I feel so lucky with the chances I’ve had in life to have something of an impact. I’m hoping that the last 10 years of my working life will be in bridging the gaps in labour market participation and employment rates for people with disabilities.

It gets me up early in the morning with a bounce of expectation, and that’s all I can really ask for – to want to get at it as quickly as possible every day.   

I very much hope that through GLP-IF we can prove that a primary focus on disability will have increased the promotion and protection of the rights of all producers, workers and retailers within two very significant value chains in Kenya.

I’m pretty confident we will, as we’re already seeing how our commercial approach to supporting farmers with disabilities is attracting an equal, or greater, number of farmers without disabilities. 

That’s a really very important sign that the approach works, as does the interest from more than one thousand farmers to be part of it in just one sub-county in the coming ‘long-rain’ season. I think we’re going to see some outstanding results over the five years in Kenya, and some significant replication of it in other African and Asian countries through other funding mechanisms.  

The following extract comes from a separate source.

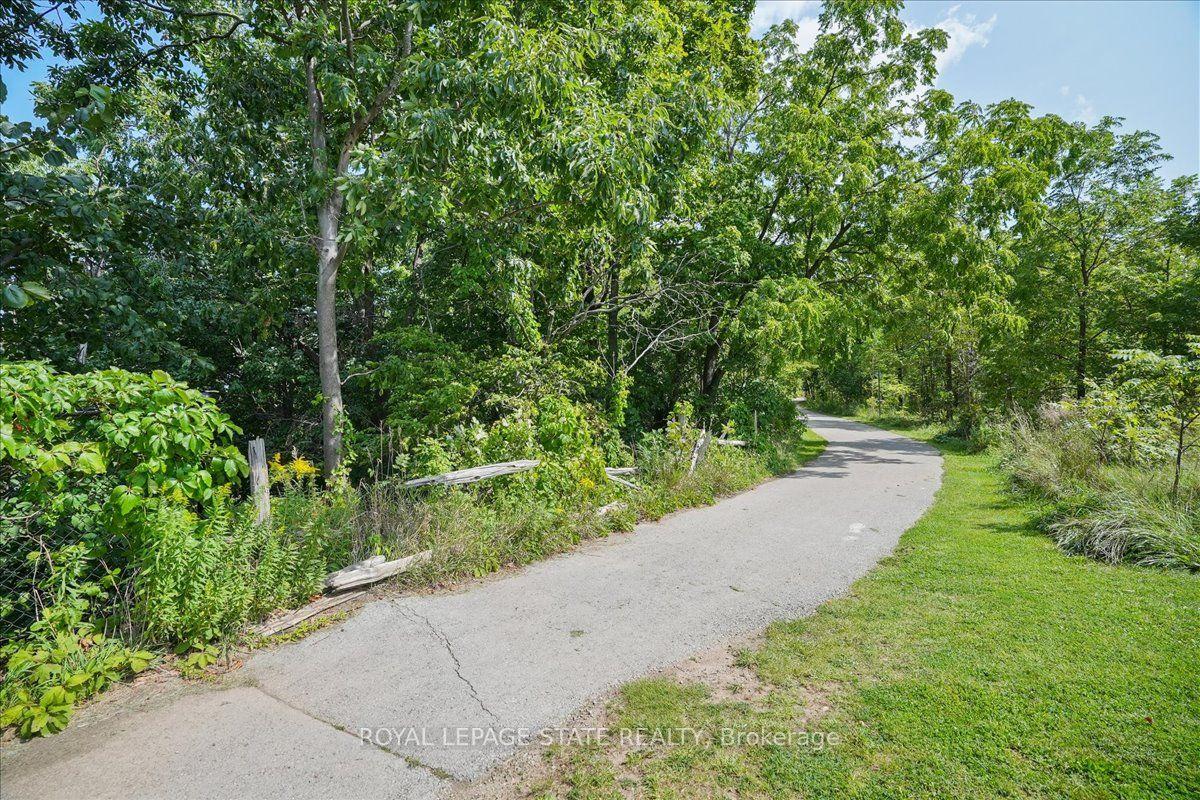 Photo 49 of 10 Azalea Court, Hamilton, Stoney Creek Mountain — HOMEH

At Sightsavers, of course, our primary focus is on promoting and protecting the rights of people with disability in employment, whether waged or self-employed.

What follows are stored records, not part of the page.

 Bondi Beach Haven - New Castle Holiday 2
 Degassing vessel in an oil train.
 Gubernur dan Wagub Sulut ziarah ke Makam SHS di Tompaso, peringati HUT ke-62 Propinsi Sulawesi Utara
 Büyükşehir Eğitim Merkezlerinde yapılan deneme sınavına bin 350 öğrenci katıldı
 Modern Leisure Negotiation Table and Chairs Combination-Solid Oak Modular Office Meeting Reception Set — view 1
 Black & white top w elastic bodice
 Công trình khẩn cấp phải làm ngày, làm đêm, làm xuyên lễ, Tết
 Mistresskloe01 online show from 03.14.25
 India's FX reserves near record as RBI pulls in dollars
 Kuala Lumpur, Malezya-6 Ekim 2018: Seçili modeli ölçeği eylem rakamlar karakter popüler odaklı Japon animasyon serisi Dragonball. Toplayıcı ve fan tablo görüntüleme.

I think I came into this at a rare moment of opportunity a time when the inclusion of people with disabilities as customers and employees had become increasingly important to the business sustainability of many companies.  

The COVID-19 pandemic then highlighted devastating inequalities: amidst the tragic loss of life, people with disabilities were pushed out of jobs and forced further into poverty. The Global Labor Program – Inclusive Futures offers the chance to demonstrate that a focus on disability brings material benefit to everyone in the value chains we’re partnering with, as we economically recover from the effects of the pandemic.  

That’s going to be an amazing achievement, not only for the workers, producers and retailers benefiting from the programme but also for companies more broadly recognising that it just makes great business sense.

I truly hope that in the next 10 years we’ll see Sightsavers and the movement demonstrating that collaborative, capacity building approaches are beginning to significantly dent the employment gap for people with disabilities.

We’ll demonstrate how that can happen through the Global Labor Program – Inclusive Futures, but also through other mechanisms like Standard Chartered Bank’s Futuremakers programme. Then we’ll massively scale it across many countries through public-private partnerships and some innovative, audacious financing mechanisms – demonstrating within that how everyone benefits, whether disabled or not. That will be another amazing journey to sign off from.